Regarding the controversies generated by the publication, via Tweeter account of the Pontifical John Paul II Theological Institute for the Sciences of Marriage and the Family, containing a poster of the film Casomai by Alessandro D’Alatri aiming at promotion of an episode of the Adesso in onda il Gp2  program, the following shall be noted:

All the social network accounts linked to the name of Vincenzo Paglia (Facebook, Twitter, Google, Youtube, etc.) concern exclusively institutional activities and are managed by the Press Office of the Pontifical John Paul II Institute..

None of these profiles are managed directly by Monsignor Paglia which is evident by the style of the posts as none of them, nor the tweets, are written in the first person, while the activities of the archbishop are almost always spoken about in the third person.

The profiles are managed independently by the Press Office; the posts and tweets are not agreed with Monsignor Paglia beforehand, and for this reason they never contain comments, thoughts or personal considerations of Monsignor Paglia, but only pieces of text taken from the official website, articles and interviews that directly concern the Archbishop (and never other topics) and re-tweets of Institutions linked to the same Monsignor Paglia, such as the John Paul II Institute, the Pontifical Academy for Life, the Community of Sant’Egidio, the Family International Monitor, the Popoli e Religioni film festival.

More specifically, the re-tweet of the Casomai film poster was used by the Press Office as part of the institutional activity of the John Paul II Institute of which Monsignor Paglia is the Grand Chancellor, and it was done without having informed the Archbishop in advance.

The photograph, as it has been amply highlighted by the articles that came out on the subject, portrays a Catholic family model and contains nothing erotic, ambiguous or inappropriate. Therefore, it can only disturb a deeply morbid gaze, as it was written: “omnia munda munids.”

Hence, the decision to publish this picture shall not, in any way, be attributed to the person of Vincenzo Paglia; any particular meaning it was given, apart from being questionable regarding the merits, is also completely unfounded.

It should also be noted that the tweet on the Casomai poster has been linked, in all the articles published on this subject, to the painting by Ricardo Cinalli on the counter-facade of the Cathedral of Terni, commissioned by Monsignor Paglia in 2007 and that is the subject of an old controversy related to the nudity of many characters, and to the accusation of “homoeresia.”
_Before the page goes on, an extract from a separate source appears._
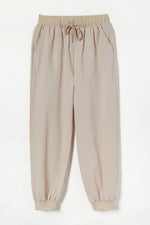 Solid Color with Pockets Sashes Sporty Pants
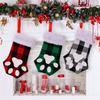 Cartoon Cat Delightful Paw Christmas Stockings In Bright Red Green And Black White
Regarding this other absurd controversy, it should be noted that, first of all, the Cathedral of Terni is certainly not the only church in the world in which naked bodies are portrayed; it is enough to recall the Sistine Chapel and Michelangelo’s paintings (indeed, became the subject to censorship, but five hundred years ago).

Secondly, there is absolutely nothing “homoerotic” in this painting. It is a traditional representation of the Last Judgment, with the Heavenly Jerusalem above, lost souls below and Christ, in the center, holding two fishing nets full of souls which will be taken to Heaven.

There is no element that could justify the claim that “Christ calls homosexuals, prostitutes, drug dealers to Heaven” if it was not for the random statements and other works by the same artist that in no way should be related to that of Terni.

Reading this paining as homoerotic is, therefore, as morbid, groundless and instrumental as the “pedophile” one of the Casomai poster.

Finally, it should be noted that, contrary to what has been reported by various media, the controversial tweet was not removed from the profile of Vincenzo Paglia or from that of the John Paul II Institute, and is still visible as the evidence of the total groundlessness of this controversy.